Estaba pasmada, en shock, o eso creía su madre viendo dentro de sus ojos con mirada perdida. La multitud comenzó a acercarse también, y eso bastó para que la atención de Elisa se desviara del muchacho que irradiaba luz. Sus ojos se fueron posando en cada hombre y mujer que se aproximaban para preguntarle cómo se encontraba, si le dolía algo, si debían llamar a una ambulancia. Elisa solo negó con la cabeza, no le dolía el cuerpo, si acaso los raspones en las rodillas, pero nada más.
—Estoy bien —dijo en apenas un susurro. El susto le había resecado la garganta y los labios, por lo que tuvo que relamerlos.
El tenue maullido que tuvo origen en sus brazos hizo que se despabilara. Por un momento había olvidado por qué se encontraba tendida sobre la calle, pero ahora, viendo al gatito acurrucado contra su pecho, no pudo evitar sonreír.
—Mami, ¿nos podemos quedar con él? —preguntó con inocencia, elevando su vista hacia la mujer que no dejaba de besar su cabeza.
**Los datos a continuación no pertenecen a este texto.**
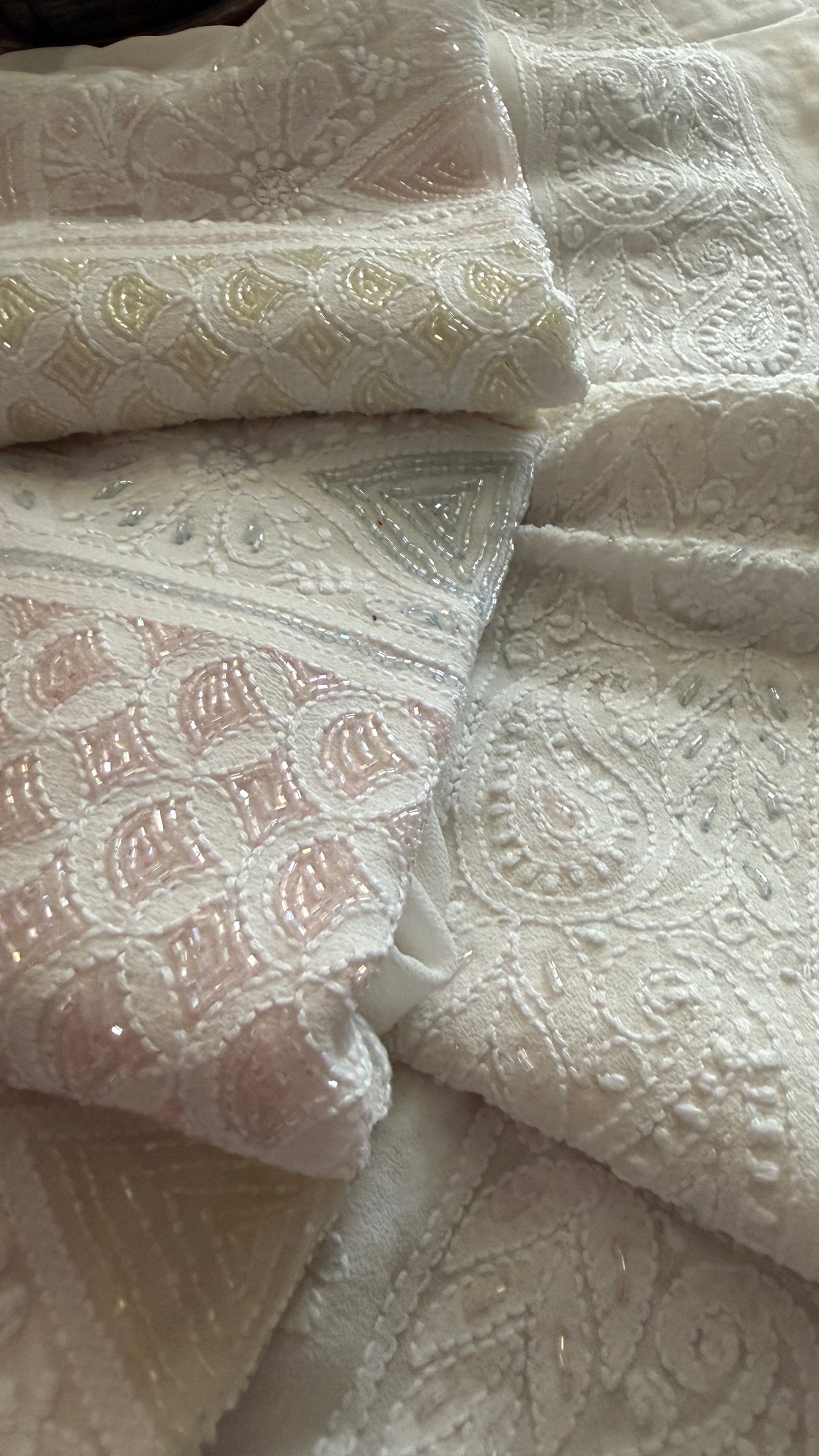 Designer Cut Dana Work Lucknowi Chikankari Suit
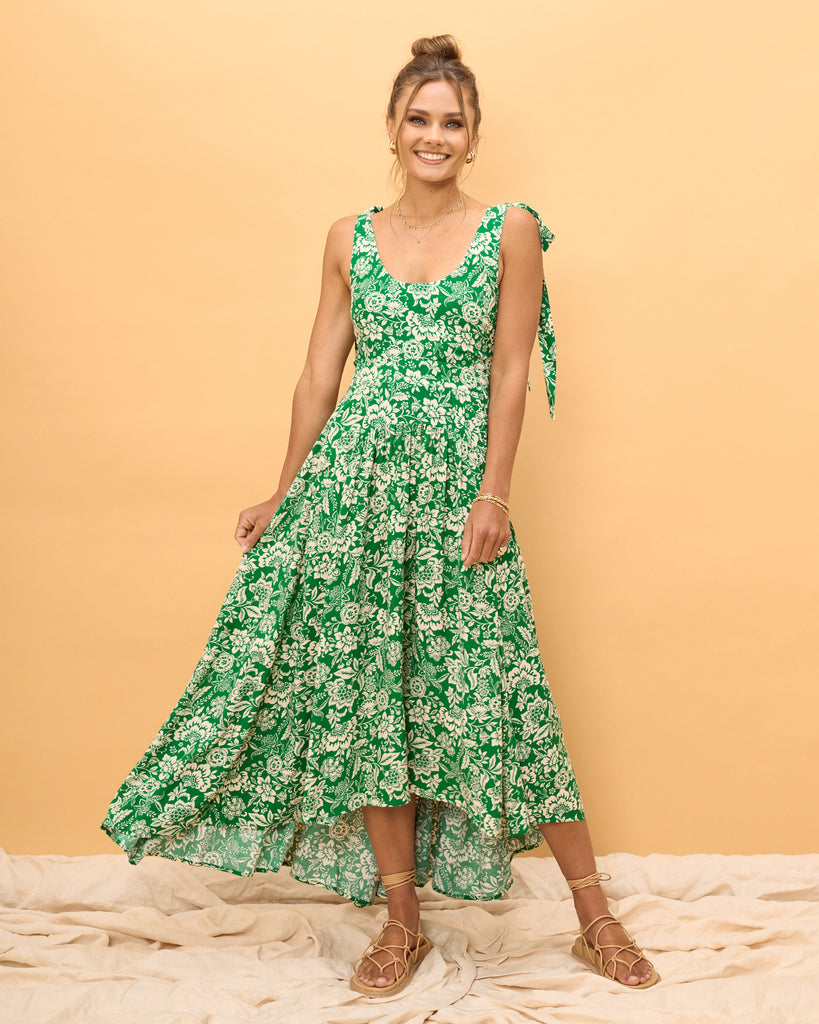 HIGH LOW MIDI SHIRT DRESS GARDEN OF GOOD FORTUNE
Su madre, todavía asustada, asintió. El alivio comenzaba a derramarse por sus venas.
—Claro, pequeña. Vamos a casa. —Se puso de pie y ayudó a su hija a incorporarse antes de atraerla contra su costado. Agradeciendo a los que aún curioseaban la escena, Elisa y su madre retomaron su camino a casa.
Solo habían avanzado un par de pasos cuando, la niña, sintiéndose observada, miró sobre su hombro y se encontró con que el extraño muchacho las seguía a escasa distancia. Estuvo a punto de decírselo a su madre, de contarle acerca del chico que irradiaba luz como un faro, pero entonces él sonrió y aquel gesto la volvió a llenar de esa sensación de paz previamente experimentada, por lo que no dijo nada; solo pudo devolverle la sonrisa antes de volver la vista a su camino.
En el fondo, Elisa sentía que nadie más se había percatado de su presencia y no quería meterlo en problemas.